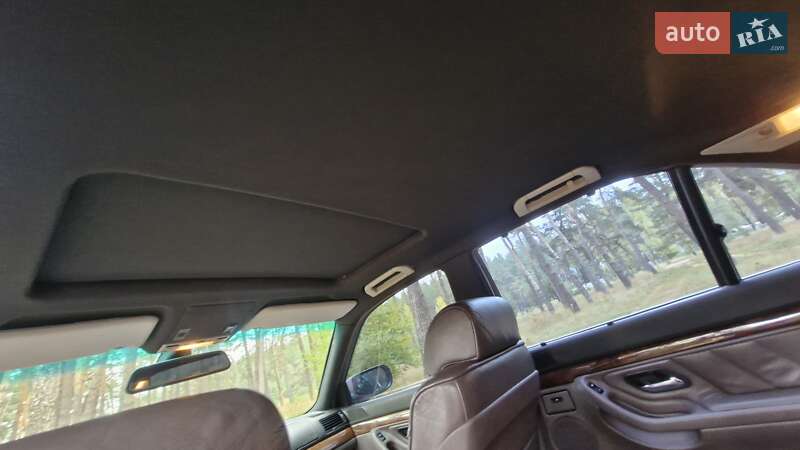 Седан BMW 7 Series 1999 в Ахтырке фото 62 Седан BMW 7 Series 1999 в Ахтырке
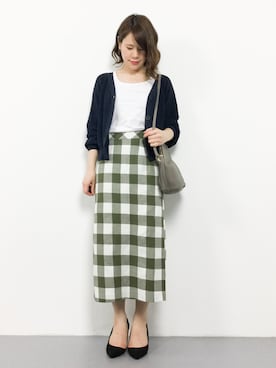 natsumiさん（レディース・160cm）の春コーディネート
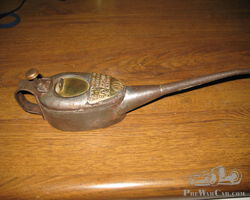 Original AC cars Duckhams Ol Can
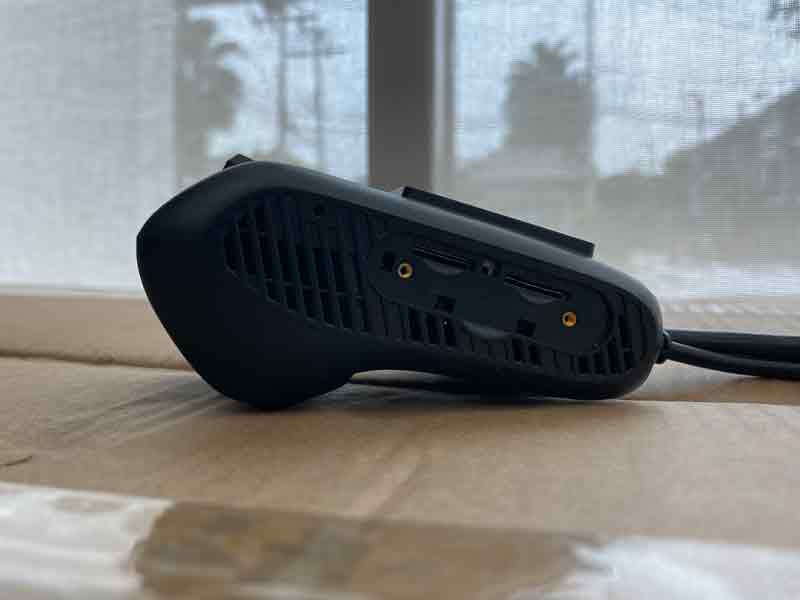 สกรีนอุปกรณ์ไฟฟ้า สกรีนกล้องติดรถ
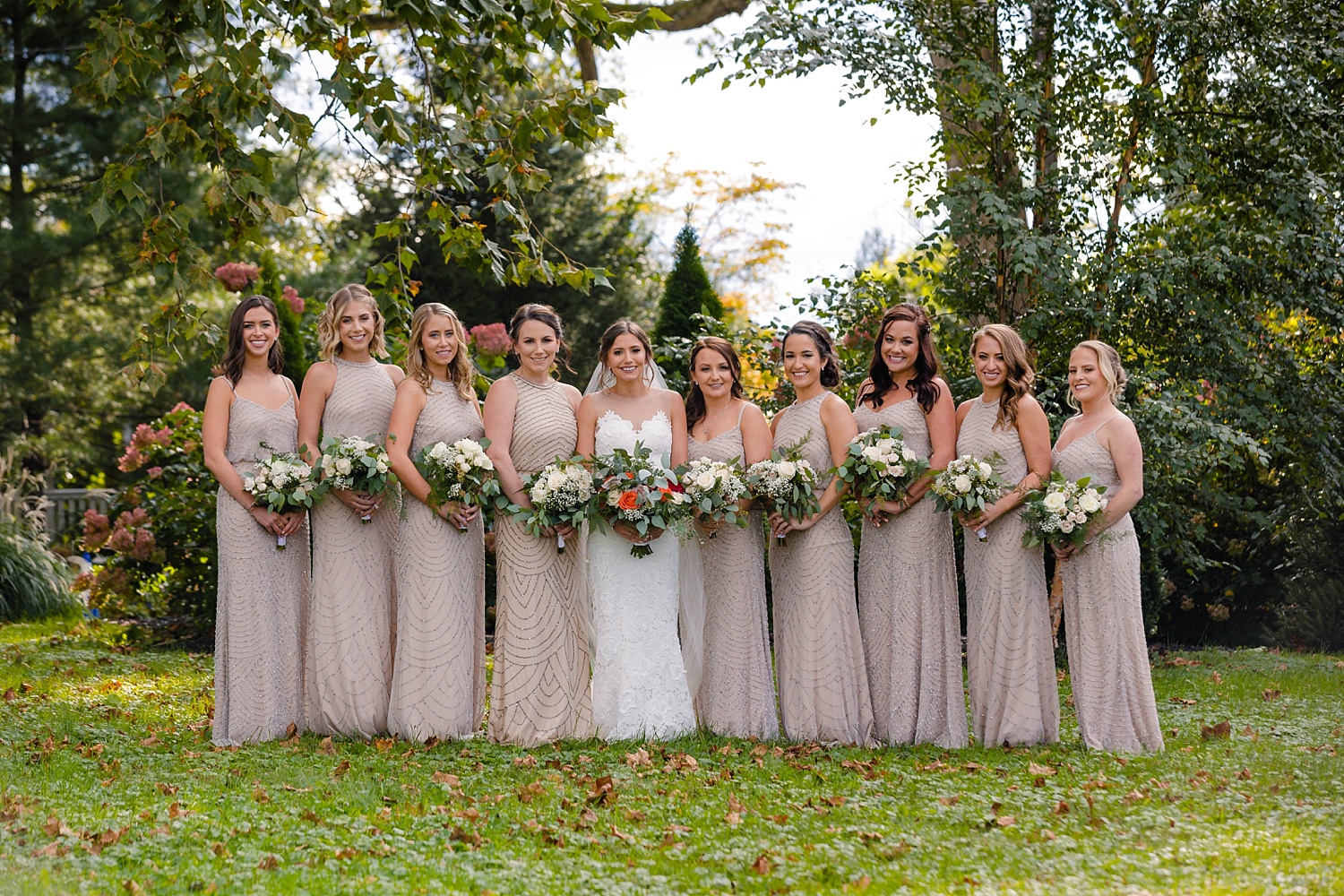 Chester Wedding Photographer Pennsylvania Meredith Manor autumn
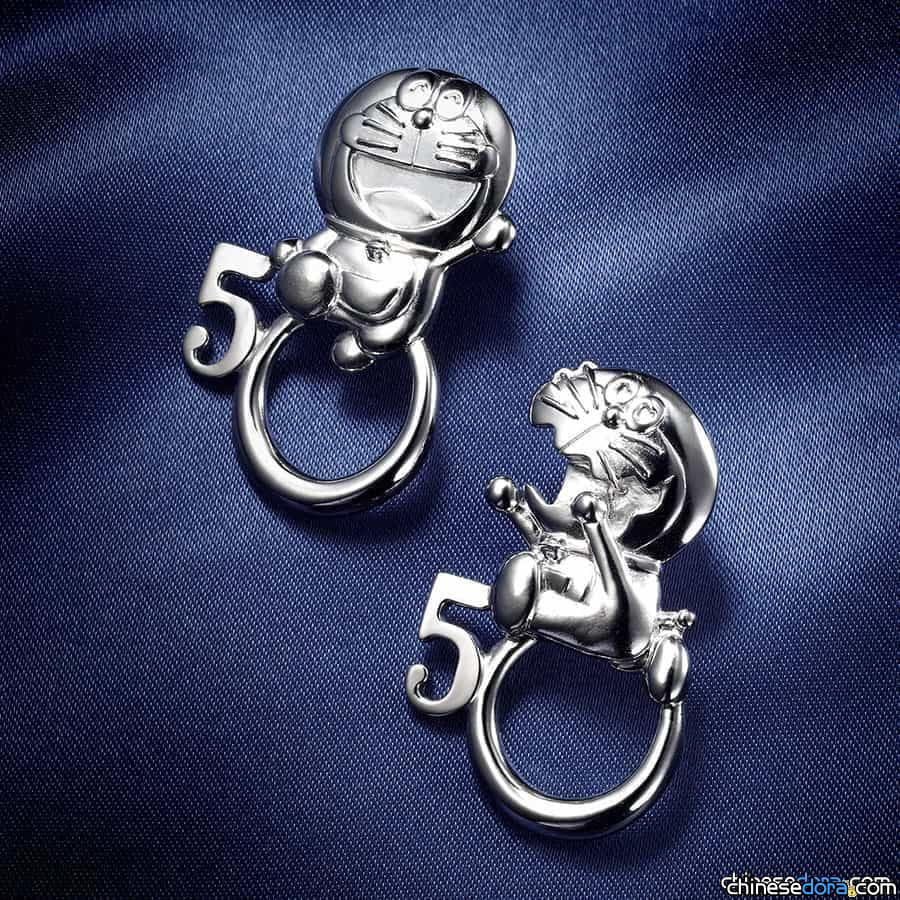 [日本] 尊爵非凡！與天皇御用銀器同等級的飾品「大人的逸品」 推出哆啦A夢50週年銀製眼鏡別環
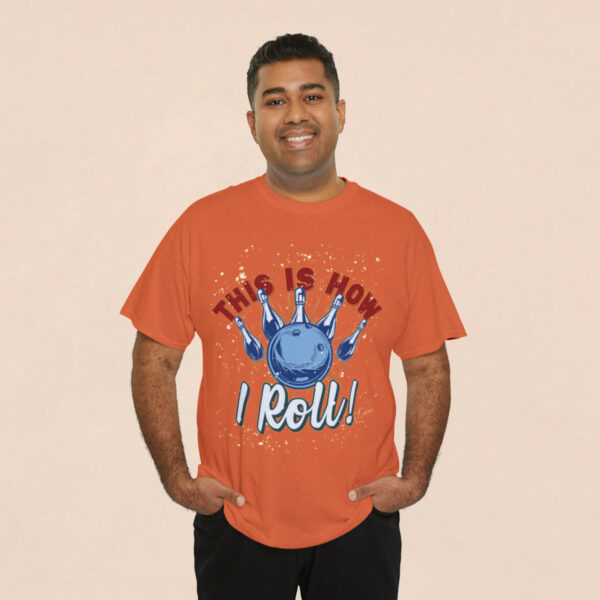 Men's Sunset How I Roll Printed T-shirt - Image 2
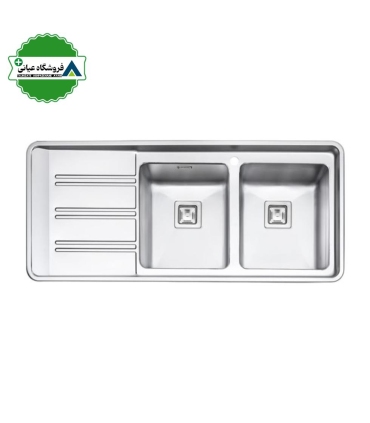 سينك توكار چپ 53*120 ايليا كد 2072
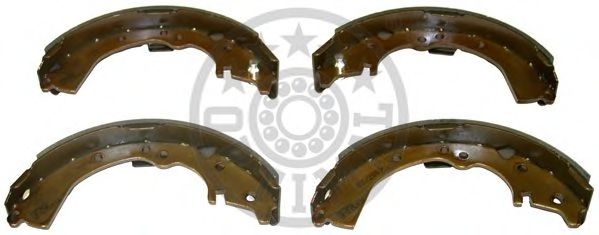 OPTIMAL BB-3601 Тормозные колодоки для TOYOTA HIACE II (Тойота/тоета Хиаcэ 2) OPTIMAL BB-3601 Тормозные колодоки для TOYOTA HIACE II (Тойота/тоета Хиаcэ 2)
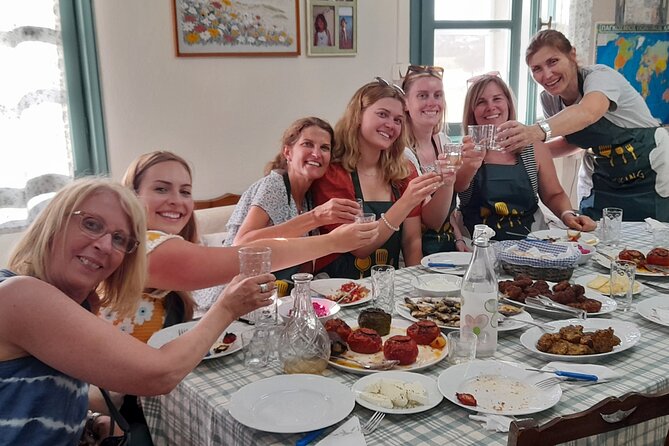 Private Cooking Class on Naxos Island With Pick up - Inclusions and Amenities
* * * * * * * * *
• [Your task]: Pictures stay out of the copy, while everything else in the records above goes in exactly as written.

• [Response below]:
 Седан BMW 7 Series 1999 в Ахтырке фото 62 Седан BMW 7 Series 1999 в Ахтырке
 natsumiさん（レディース・160cm）の春コーディネート
 Original AC cars Duckhams Ol Can
 สกรีนอุปกรณ์ไฟฟ้า สกรีนกล้องติดรถ
 Chester Wedding Photographer Pennsylvania Meredith Manor autumn
 [日本] 尊爵非凡！與天皇御用銀器同等級的飾品「大人的逸品」 推出哆啦A夢50週年銀製眼鏡別環
 Men's Sunset How I Roll Printed T-shirt - Image 2
 سينك توكار چپ 53*120 ايليا كد 2072
 OPTIMAL BB-3601 Тормозные колодоки для TOYOTA HIACE II (Тойота/тоета Хиаcэ 2) OPTIMAL BB-3601 Тормозные колодоки для TOYOTA HIACE II (Тойота/тоета Хиаcэ 2)
 Private Cooking Class on Naxos Island With Pick up - Inclusions and Amenities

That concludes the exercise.